**What you should do**
Copy out each line below verbatim, skipping any picture.
═════ Provided material
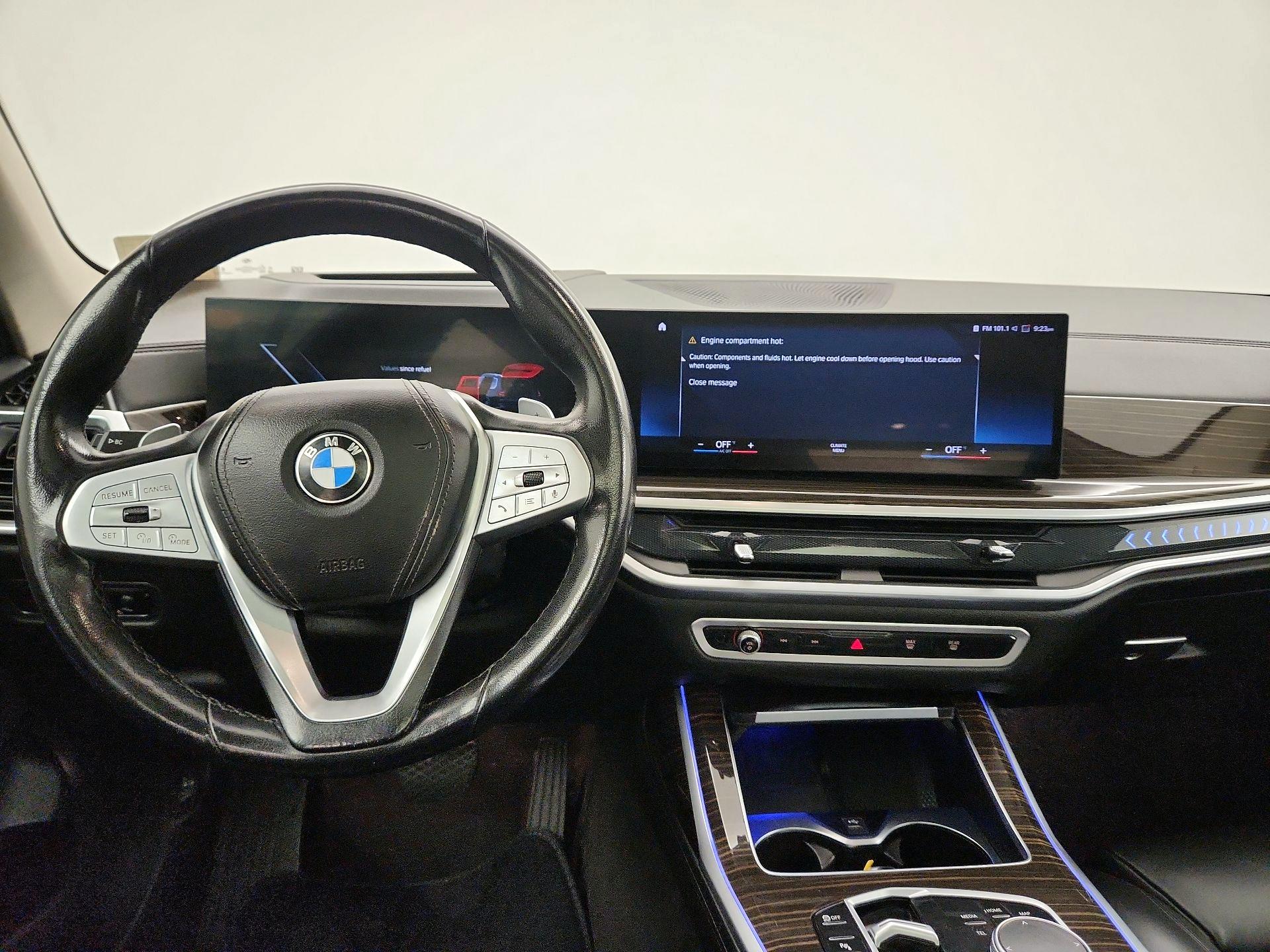Thumbnail: 2023 BMW X7 - 9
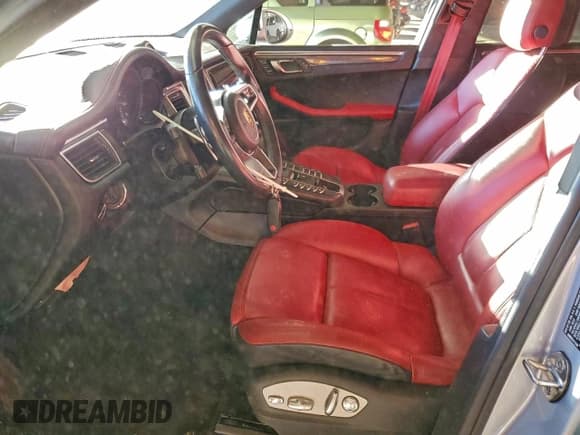 ✅ 2018 Porsche Macan GTS • VIN: WP1AG2A50JLB63767 • Lot: 96617415. Wystawiony na Copart z przebiegiem 54 209 mil. Bezpłatny archiwum sprzedaży aukcyjnych z USA i szczegółowy raport historii pojazdu na DreamBid. Zdjęcie 7.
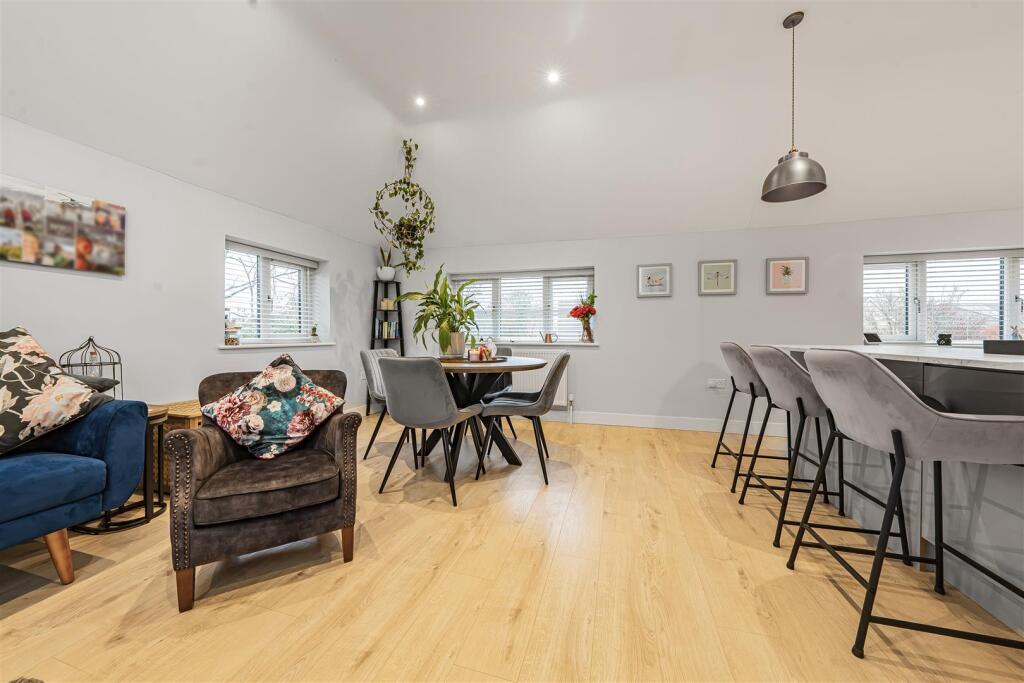 Photo Dec 04 2025, 11 53 26 AM.jpg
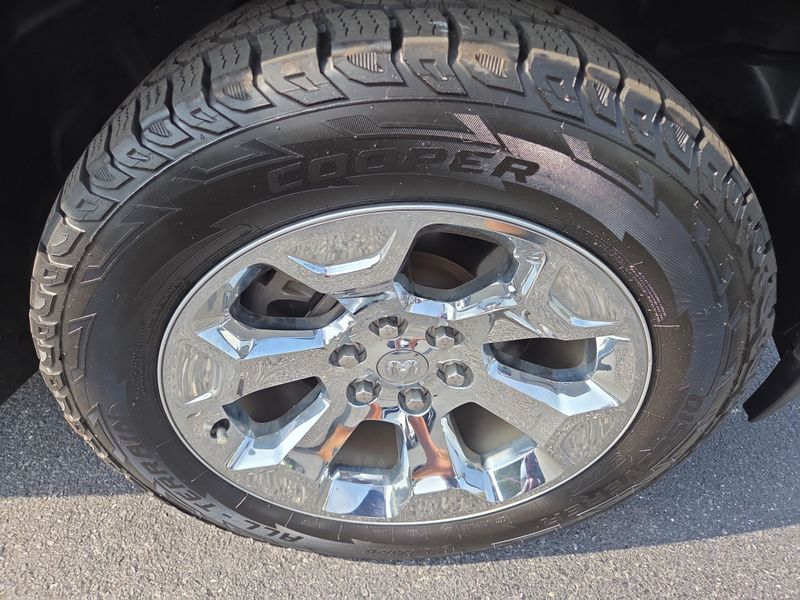 2022 Ram 1500 Big Horn Lone Star photo 9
══════════
**Response area**
Thumbnail: 2023 BMW X7 - 9
 ✅ 2018 Porsche Macan GTS • VIN: WP1AG2A50JLB63767 • Lot: 96617415. Wystawiony na Copart z przebiegiem 54 209 mil. Bezpłatny archiwum sprzedaży aukcyjnych z USA i szczegółowy raport historii pojazdu na DreamBid. Zdjęcie 7.
 Photo Dec 04 2025, 11 53 26 AM.jpg
 2022 Ram 1500 Big Horn Lone Star photo 9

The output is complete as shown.